That's right-- because of the way that energy is distributed within the orbitals, there isn't a constant progression of orbital filling. The pattern seems random, but there is an underlying order to it.
The principle quantum number (the first number you read) tells what
shell the orbital lies in, i.e., how far away from the nucleus it is. In general, the larger the number, the more energy in the shell.
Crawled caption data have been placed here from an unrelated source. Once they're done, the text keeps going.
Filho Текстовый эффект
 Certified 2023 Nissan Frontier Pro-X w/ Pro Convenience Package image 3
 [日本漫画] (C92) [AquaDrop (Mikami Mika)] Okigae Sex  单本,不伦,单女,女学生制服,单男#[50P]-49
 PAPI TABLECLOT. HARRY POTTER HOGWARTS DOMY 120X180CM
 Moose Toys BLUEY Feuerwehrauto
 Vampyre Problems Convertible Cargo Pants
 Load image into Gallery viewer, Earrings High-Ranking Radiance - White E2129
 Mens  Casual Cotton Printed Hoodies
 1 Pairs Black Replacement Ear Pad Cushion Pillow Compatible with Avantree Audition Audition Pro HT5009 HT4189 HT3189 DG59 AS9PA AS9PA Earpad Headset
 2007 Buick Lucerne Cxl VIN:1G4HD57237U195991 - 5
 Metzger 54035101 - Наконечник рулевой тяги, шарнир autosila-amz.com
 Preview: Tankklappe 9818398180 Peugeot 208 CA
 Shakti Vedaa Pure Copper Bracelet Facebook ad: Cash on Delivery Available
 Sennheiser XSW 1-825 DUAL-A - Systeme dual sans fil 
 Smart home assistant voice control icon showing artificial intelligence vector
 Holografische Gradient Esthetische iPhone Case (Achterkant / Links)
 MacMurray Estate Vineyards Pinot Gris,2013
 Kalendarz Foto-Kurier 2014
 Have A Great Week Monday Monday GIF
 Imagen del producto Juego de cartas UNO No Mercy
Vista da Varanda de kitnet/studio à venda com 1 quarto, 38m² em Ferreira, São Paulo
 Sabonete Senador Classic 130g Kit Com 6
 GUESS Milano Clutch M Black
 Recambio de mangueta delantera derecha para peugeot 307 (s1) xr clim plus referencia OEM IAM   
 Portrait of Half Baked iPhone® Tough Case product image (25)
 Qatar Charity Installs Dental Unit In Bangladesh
Each shell, however, contains several different
orbitals. The energy of a given orbital depends on its shape. There are four different orbital shapes. The
s orbital is simply a sphere. This is the lowest energy state for any given shell. The
p orbitals are shaped somewhat like 3 barbells at right angles to each other and are more energetic than the s orbital of the same shell.
Next comes the
d orbital. This is where things start to get intersesting. Beginning with orbital 3d, the d orbitals have so much energy inherent in their shape that they actualy have
more energy than the lowest orbital of the shell above them. An atom always tries to be in the lowest possible energy state, so once its 3p orbital is full, it opts to begin filling the 4s orbital instead of moving on to the more energetic 3d configuration. A similar thing happens after the 5s orbital is filled, where, because of the need for a lower energy state, the atom moves to the 4d instead of the 5p orbital you would expect.
These energy discrepancies between shells become more and more pronounced as you move up the list of elements, as can be seen in the list I posted above.
The d and
f orbitals have very complex shapes, and are best seen in
graphical form.
I hope this helps,
--Rabk